• Data records:

▼

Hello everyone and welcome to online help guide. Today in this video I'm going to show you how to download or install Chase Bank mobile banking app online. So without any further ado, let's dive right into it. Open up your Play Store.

▲
▼

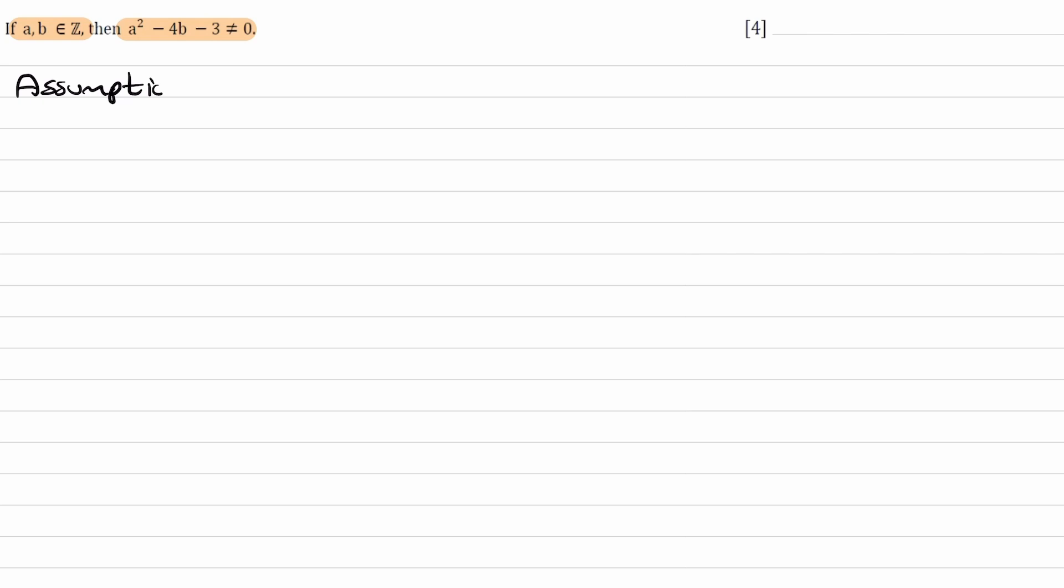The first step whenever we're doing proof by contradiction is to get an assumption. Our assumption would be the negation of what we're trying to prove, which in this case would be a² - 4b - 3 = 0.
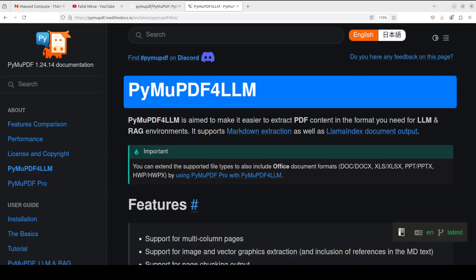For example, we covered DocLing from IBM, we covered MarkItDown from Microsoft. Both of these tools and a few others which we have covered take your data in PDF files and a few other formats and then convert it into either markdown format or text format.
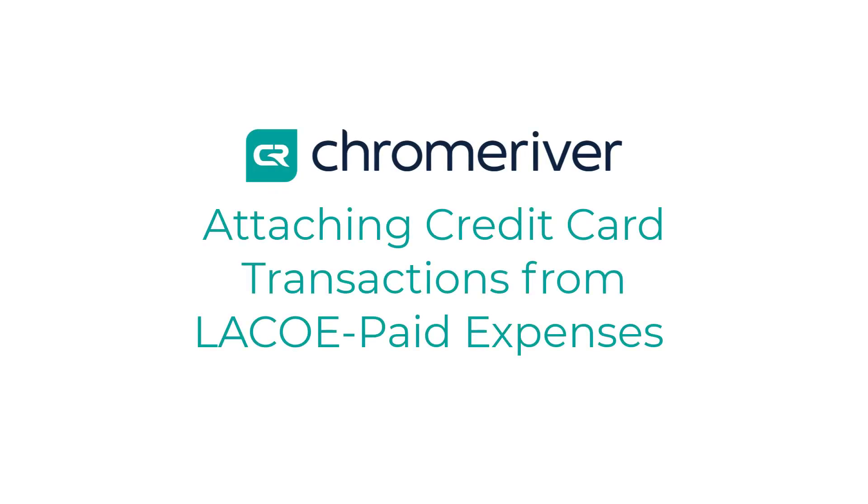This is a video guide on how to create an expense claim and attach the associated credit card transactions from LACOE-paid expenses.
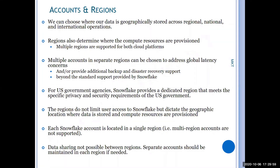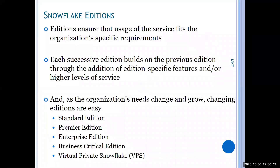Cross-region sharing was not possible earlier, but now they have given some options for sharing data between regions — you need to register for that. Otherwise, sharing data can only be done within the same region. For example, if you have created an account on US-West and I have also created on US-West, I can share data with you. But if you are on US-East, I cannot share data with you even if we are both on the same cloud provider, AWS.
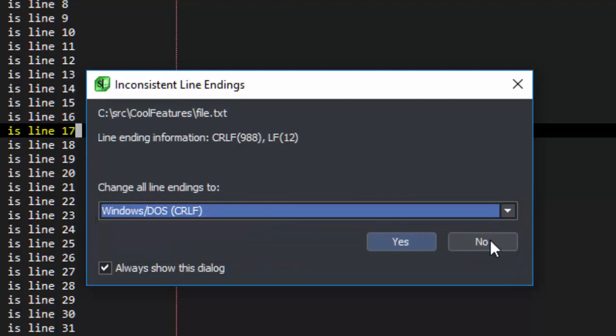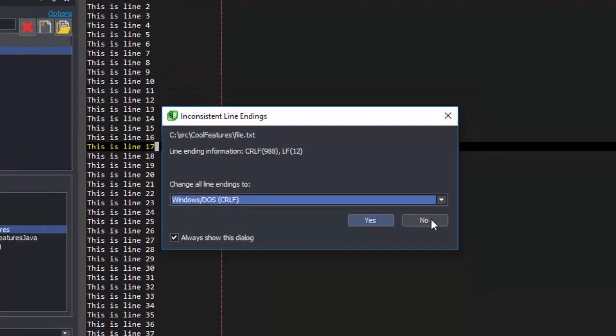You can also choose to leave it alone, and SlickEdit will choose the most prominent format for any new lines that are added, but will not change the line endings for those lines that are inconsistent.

▲

• Task details: All that is wanted is the lines above between the one containing "Cross-region sharing was" and the one containing "You can also", inclusive, restated word for word, with pictures omitted.

• Result of the task:
Cross-region sharing was not possible earlier, but now they have given some options for sharing data between regions — you need to register for that. Otherwise, sharing data can only be done within the same region. For example, if you have created an account on US-West and I have also created on US-West, I can share data with you. But if you are on US-East, I cannot share data with you even if we are both on the same cloud provider, AWS.
You can also choose to leave it alone, and SlickEdit will choose the most prominent format for any new lines that are added, but will not change the line endings for those lines that are inconsistent.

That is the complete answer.